2) 60 Minutes had three interesting stories in recent weeks:
This infuriated me, especially since my dad got scammed recently (fortunately only for $100): How con artists use AI, apps, social engineering to target parents, grandparents for theft
This mentions Berkshire Hathaway Alternative Energy: California's Lithium Valley could power electric vehicle industry
Kudos to 60 Minutes for exposing this: Slaughterhouse cleaning company employed children: How hiring went wrong
3) Economist Paul Krugman does a good job in three recent columns of discussing the difference between personal versus government debt, the prospects for a soft landing, and the emerging consensus on inflation...
a) Wonking Out: Death, Napoleon and Debt. I never knew that the federal government never paid off the massive amounts of debt it took on to fund World War II. Excerpt:
Whenever I write about debt and deficits, I receive the same letter – OK, not exactly the same letter, but a number of letters with more or less the same gist. They read something like this: "If I borrow money from the bank, the bank expects me to pay the money back. Why isn't the same true for the government? Why can we keep borrowing when we already owe $31 trillion?"
Just about every economist will reply that it's misleading to make an analogy between household and government finances.
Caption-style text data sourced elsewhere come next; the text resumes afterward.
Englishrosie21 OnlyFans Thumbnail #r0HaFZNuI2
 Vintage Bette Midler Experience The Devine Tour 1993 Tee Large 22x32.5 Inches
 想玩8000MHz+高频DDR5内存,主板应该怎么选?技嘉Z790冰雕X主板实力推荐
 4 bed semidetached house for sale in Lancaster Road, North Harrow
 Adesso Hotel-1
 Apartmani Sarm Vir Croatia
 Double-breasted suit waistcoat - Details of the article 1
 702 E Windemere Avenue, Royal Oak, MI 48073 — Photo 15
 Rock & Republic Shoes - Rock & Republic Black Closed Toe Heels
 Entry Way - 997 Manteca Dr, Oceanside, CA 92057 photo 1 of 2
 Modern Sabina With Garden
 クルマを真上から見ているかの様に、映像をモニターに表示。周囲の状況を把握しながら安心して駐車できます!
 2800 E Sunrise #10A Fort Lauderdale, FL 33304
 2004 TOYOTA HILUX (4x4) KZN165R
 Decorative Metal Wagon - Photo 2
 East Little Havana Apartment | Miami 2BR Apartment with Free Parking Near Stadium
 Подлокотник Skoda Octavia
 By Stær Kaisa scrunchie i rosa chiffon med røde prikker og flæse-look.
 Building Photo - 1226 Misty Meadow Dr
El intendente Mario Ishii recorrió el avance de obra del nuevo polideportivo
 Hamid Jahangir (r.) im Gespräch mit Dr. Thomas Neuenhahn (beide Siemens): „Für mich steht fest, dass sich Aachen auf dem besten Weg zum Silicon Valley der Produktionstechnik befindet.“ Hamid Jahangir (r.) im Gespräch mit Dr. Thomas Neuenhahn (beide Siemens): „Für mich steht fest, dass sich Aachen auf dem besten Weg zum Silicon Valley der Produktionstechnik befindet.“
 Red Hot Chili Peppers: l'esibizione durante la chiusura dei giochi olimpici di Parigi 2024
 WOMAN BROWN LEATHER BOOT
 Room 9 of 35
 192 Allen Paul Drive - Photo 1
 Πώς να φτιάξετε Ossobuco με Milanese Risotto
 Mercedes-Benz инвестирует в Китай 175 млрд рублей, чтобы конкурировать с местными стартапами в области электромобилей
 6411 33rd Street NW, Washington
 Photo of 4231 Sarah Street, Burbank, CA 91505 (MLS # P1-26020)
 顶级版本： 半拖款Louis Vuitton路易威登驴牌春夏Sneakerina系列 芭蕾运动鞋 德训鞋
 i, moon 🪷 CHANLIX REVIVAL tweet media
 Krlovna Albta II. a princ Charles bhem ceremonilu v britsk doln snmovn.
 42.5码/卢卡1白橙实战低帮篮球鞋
But it seems to me that we often aren't clear enough about why, perhaps because we don't say it bluntly enough. So here's the difference: You are going to get old and eventually die. The government isn't.
I don't mean that governments are immortal. Nothing is, and no doubt someday America will, as Rudyard Kipling put it, be "one with Nineveh and Tyre." But individuals face a more or less predictable life cycle in which their earnings will eventually dwindle:
And lenders therefore demand that individual borrowers pay off their debts while they still have the income to do so.
Governments, on the other hand, normally see their revenues rise, generation after generation, as the economies they regulate and tax grow...
Governments, then, must service their debts – pay interest and repay principal when bonds come due – but they don't necessarily have to pay them off; they can issue new bonds to pay principal on old bonds, and even borrow to pay interest as long as overall debt doesn't rise too much faster than revenue.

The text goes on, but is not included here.